- **Your assignment**
Reproduce exactly the lines of this material that begin at the line with "An audience at" and end at the line with "Woman holding a coffee mug", both included. Omit the pictures and everything else.

***** Data shown

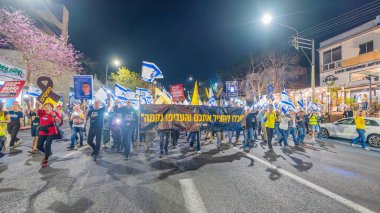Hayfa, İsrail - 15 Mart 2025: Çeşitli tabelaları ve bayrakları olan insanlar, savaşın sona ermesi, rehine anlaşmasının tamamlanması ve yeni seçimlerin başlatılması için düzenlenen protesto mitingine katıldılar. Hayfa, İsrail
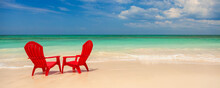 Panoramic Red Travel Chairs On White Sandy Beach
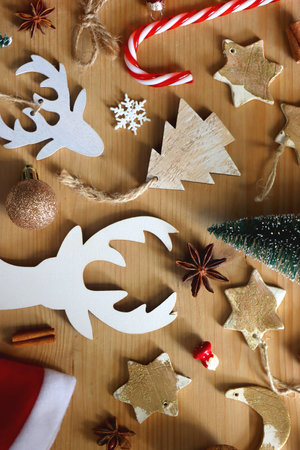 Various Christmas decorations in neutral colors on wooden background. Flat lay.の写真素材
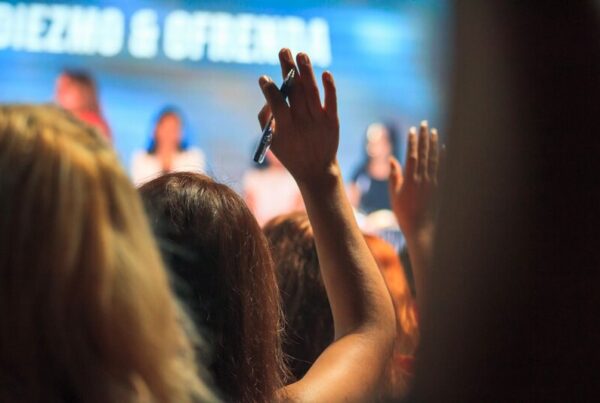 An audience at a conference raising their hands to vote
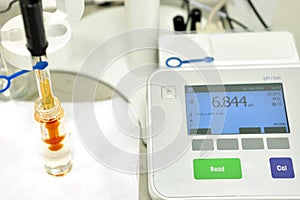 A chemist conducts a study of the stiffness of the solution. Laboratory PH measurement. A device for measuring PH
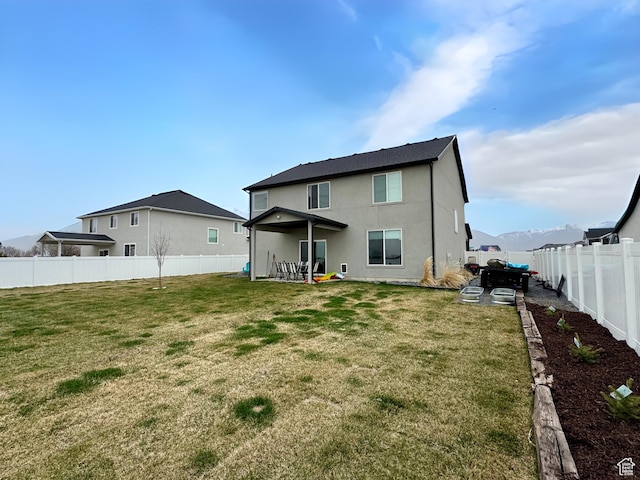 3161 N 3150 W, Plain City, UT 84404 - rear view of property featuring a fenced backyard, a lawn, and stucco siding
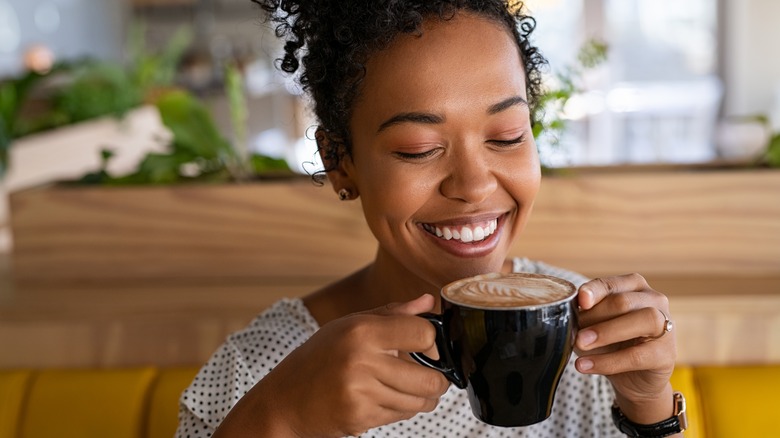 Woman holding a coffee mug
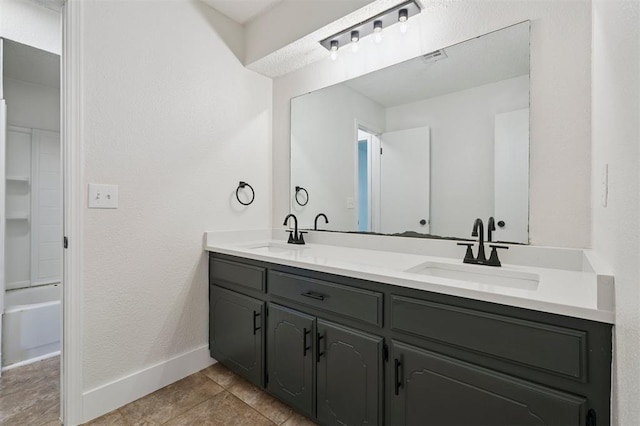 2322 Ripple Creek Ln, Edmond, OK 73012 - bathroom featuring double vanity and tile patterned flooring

**********

- **Exercise solution**
 An audience at a conference raising their hands to vote
 A chemist conducts a study of the stiffness of the solution. Laboratory PH measurement. A device for measuring PH
 3161 N 3150 W, Plain City, UT 84404 - rear view of property featuring a fenced backyard, a lawn, and stucco siding
 Woman holding a coffee mug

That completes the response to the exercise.